A study conducted at the International Airport of Cluj-Napoca, Romania, with the aim of investigating the presence/absence of invasive Aedes mosquito species resulted in finding Aedes japonicus japonicus (Theobald 1901) eggs in one of the ovitraps placed on site.


The study was carried out between 30 June and 29 September 2020. On 24 August, 26 eggs were collected and later hatched at the University of Agricultural Sciences and Veterinary Medicine of Cluj-Napoca’s insectary. On 15 October another adult female Ae. japonicus was caught entering a building in the center of the city, about 7 km from the first sampling spot.


The mosquitoes were identified morphologically and confirmed by molecular analysis, based on the genetic analysis of the mitochondrial gene cytochrome c oxidase subunit 1 (COI).


This is the first report of the species in Romania, highlighting the need for surveillance and implemented control methods. However, in Romania to our knowledge only Aedes albopictus has been established; further studies are required to learn about this new invasive species' status in Romania.


The Asian bush mosquito, Aedes (Finlaya) japonicus japonicus (Theobald 1901) (Diptera: Culicidae), is naturally occurring in Southeast Asia (Palaearctic Japan, Korea, parts of China, Taiwan and Russia) [1]. In the past 3 decades, it has become invasive in various parts of the world, including Central Europe. Its invasion was mostly mediated by anthropogenic movements. Like for the related species, Aedes albopictus, it has travelled throughout the continents mainly via the trade of used tires, which is considered the most important introduction means of these container breeding species [2, 3].

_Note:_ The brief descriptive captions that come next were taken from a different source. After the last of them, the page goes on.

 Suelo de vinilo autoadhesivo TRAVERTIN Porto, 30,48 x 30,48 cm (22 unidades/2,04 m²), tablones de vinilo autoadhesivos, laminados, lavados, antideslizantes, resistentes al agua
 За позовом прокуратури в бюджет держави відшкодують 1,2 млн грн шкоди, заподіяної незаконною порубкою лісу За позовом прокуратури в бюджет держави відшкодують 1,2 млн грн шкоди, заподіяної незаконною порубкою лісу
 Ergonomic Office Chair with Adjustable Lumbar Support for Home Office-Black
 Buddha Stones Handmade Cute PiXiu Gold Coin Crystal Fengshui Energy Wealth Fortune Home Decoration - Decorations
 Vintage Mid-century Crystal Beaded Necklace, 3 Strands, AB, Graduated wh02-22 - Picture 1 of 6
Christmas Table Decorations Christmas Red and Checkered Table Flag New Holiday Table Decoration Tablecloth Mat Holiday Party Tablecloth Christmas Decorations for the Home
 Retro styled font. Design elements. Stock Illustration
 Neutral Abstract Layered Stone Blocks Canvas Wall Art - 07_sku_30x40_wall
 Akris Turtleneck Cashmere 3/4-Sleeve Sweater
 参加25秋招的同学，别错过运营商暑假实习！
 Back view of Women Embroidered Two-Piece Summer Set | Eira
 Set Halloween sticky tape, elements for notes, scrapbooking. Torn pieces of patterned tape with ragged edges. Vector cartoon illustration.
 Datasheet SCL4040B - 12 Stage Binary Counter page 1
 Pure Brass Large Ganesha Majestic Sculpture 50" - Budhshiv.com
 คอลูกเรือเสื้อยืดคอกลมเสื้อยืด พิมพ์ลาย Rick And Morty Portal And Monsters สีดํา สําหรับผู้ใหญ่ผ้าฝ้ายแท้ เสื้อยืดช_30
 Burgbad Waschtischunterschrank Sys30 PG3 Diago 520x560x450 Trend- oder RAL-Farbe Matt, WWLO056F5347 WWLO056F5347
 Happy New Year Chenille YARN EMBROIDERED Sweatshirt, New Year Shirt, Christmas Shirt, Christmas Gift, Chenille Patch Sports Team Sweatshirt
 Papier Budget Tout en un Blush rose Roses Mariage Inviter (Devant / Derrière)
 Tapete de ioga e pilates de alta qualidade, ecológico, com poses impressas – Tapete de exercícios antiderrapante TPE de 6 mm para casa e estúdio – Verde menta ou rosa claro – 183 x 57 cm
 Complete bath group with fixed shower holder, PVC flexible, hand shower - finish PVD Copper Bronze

The first report of Ae. japonicus occurring outside its endemic area came from New Zealand [4], where during an entomological survey, in 1993, the species was found in a shipment of used tires together with Ae. albopictus. Later on, in 1998, it was reported in the USA (New York and New Jersey) [5] and Canada [6]. The first record of the species in Europe dates back to 2000, when two larvae were collected in used tires in a storage yard from a metropolitan area of France [3]. Later, the species was eradicated, just to return and establish a decade later [7]. Ae. japonicus is showing rapid expansion throughout Europe, and in less than 2 decades it has managed to become established in 13 countries (Table 1). Its success lays in the species' ecological flexibility, its ability to adapt to new climatic conditions and larval habitats, and its capacity to overwinter [8]. Its tolerance to lower temperatures is responsible for a wider distribution range compared to other invasive species, indicating a bigger colonizing potential in the future [9].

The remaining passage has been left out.